3) Do I need to treat my partner?

For *trichomoniasis*, partner treatment is usually recommended to prevent reinfection. For BV, partner treatment is not routinely recommended in many guidelines, but recommendations can vary by situation.

4) Can I treat a yeast infection at home?

If you’ve had a yeast infection confirmed before and symptoms are the same and mild, OTC antifungal treatment may help. If it’s your first time, you’re pregnant, or it doesn’t improve, get evaluated.

5) Why do I keep getting yeast infections?

Recurrent symptoms can be due to triggers (antibiotics, diabetes), resistant or non-albicans yeast species, or a different diagnosis entirely. Confirmation testing helps.

6) Can antibiotics cause a yeast infection?

Yes. Antibiotics can reduce protective bacteria and allow yeast to overgrow.

7) Should I avoid sex during treatment?

Often yes—especially for trichomoniasis and when you have pain or irritation.
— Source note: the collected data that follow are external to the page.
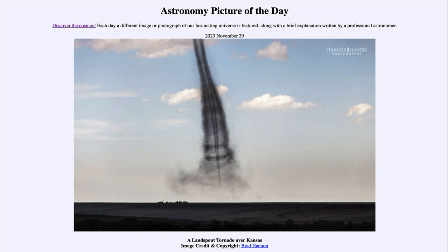Today's picture for November 29th of 2023 is titled the Landspout Tornado over Kansas. Here it looks like we see a tornado inside another tornado. In reality, this is what is sometimes called a landspout. You may have heard of a waterspout, where something similar can occur over water and is a much milder version of a tornado.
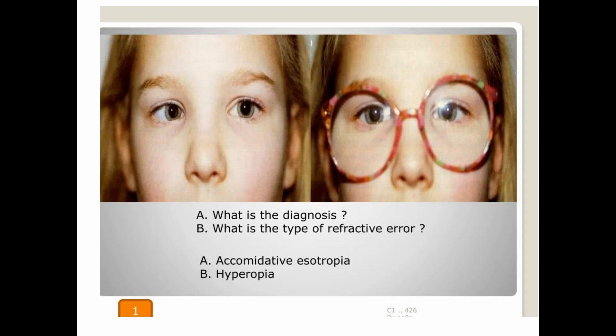This is your first station. Look at the picture and answer the following questions. This is a 10-year-old child. Look at the right eye — it is turned inward while the left eye is straight.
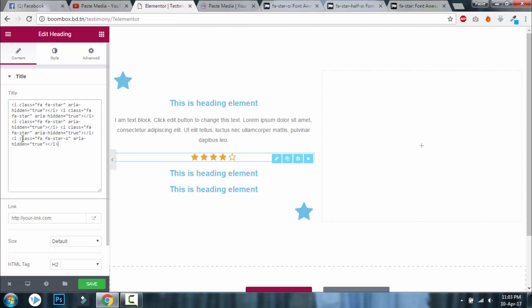Now you can design like this for three star, two star, but probably you will go for five stars because this is not an automated review system. You will pick out the best reviews from Facebook review or Google My Business review, so you will pick out the top ratings like five star rating. So you will need this, I guess.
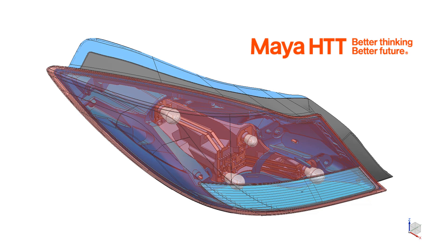Hello and welcome to this series on the multi-physics analysis of a car headlamp. In the previous videos we saw how Simcenter 3D provides advanced geometry preparation, meshing, and mesh editing tools that allow you to manage the multi-physics digital twin in a robust and efficient way.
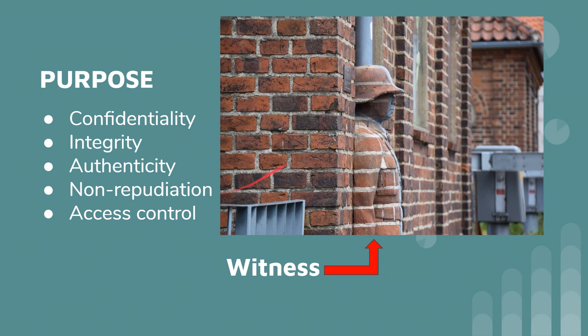Non-repudiation, you want to make sure that the witness does not have the ability to deny their testimony in the case. And access control, of course, you want to control who has access to the witness.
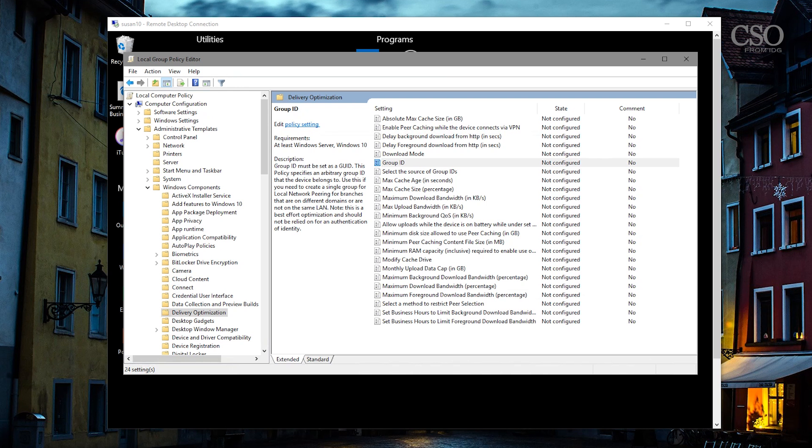So there must be a way to share that bandwidth so that one machine will pull down the updates and the rest of them can share with that, right? Exactly, that's what delivery optimization is all about.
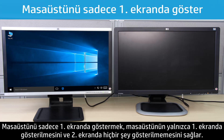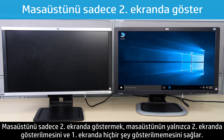Showing desktop only on one will display on one and show nothing on display two. Showing desktop only on two will display on two and show nothing on display one.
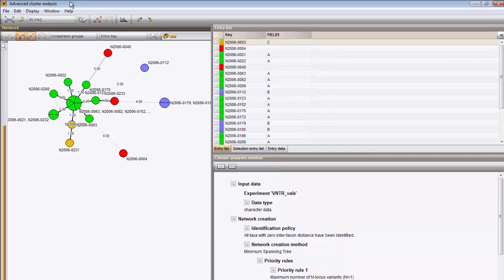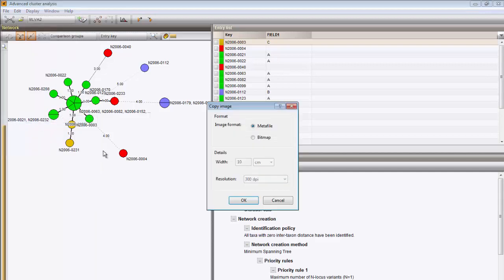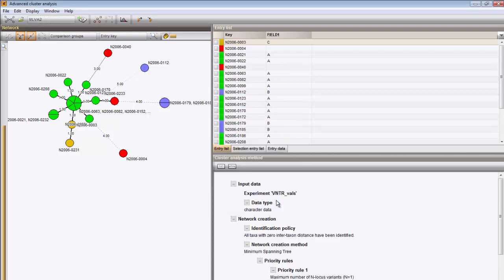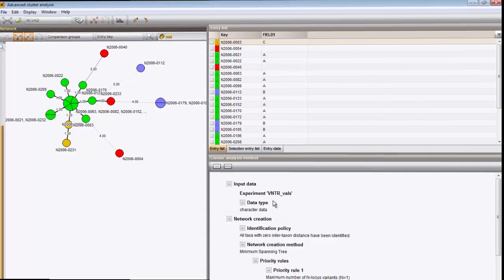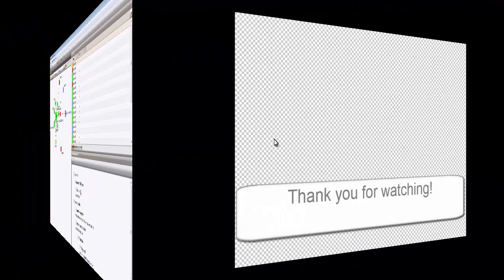The image can be copied to the clipboard as metafile or bitmap and pasted in another application. There we go.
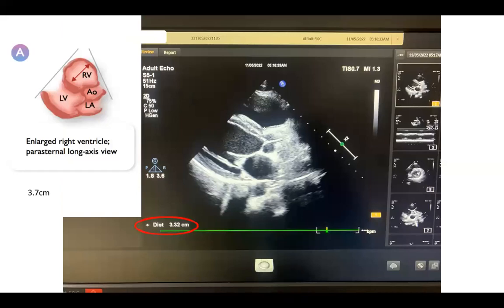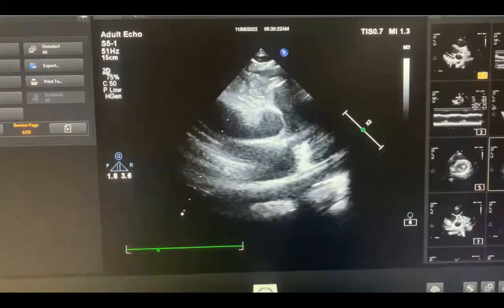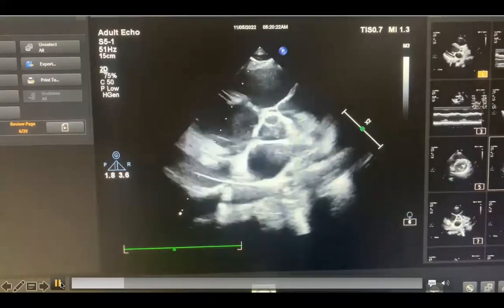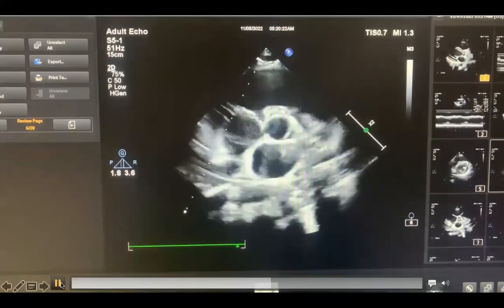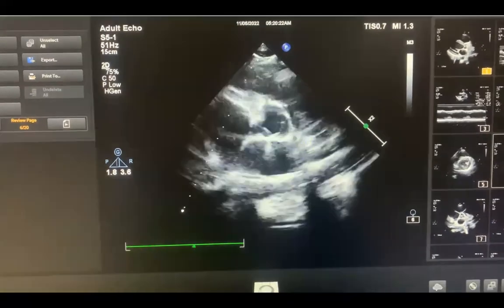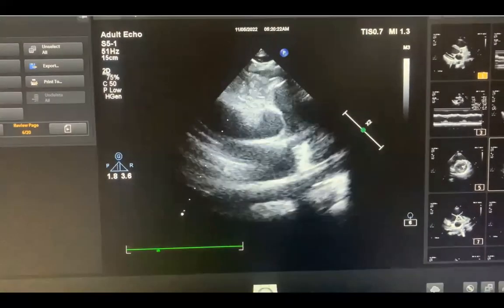You assess the right ventricle size in the parasternal long axis. In this case it was 3.3, and the normal is up to 3.7, so the right ventricle was not dilated. This is what you can get from the parasternal long axis view.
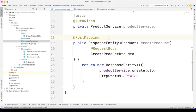Hello guys. In this video we are going to implement a custom validation annotation in Spring Boot. We are going to create our own custom annotation and define our validation rules. At the end, we can apply this custom validation the same way you can apply the built-in validations.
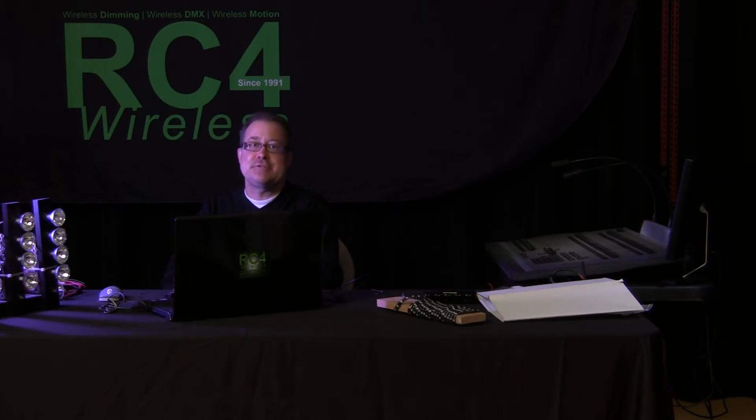Hi, I'm Jim at RC4, and we're doing a basic introduction of how to get started with RC4 Magic PC software for the first time.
Follow your clinician’s advice, and avoid sex until treatment is complete and symptoms have resolved.

8) What tests will my clinician do?

Common tests include pH testing, microscopy, and lab tests such as NAAT for trich and other STIs when needed.

9) Can vaginal symptoms be from menopause or low estrogen?

Yes. Low estrogen can cause dryness, burning, and irritation that mimic infection. This is common after menopause and can also happen postpartum/breastfeeding.

10) When should I stop self-treating and see a clinician?

If symptoms are severe, new, recurrent, you might have STI exposure, you’re pregnant, or OTC treatment fails—get checked.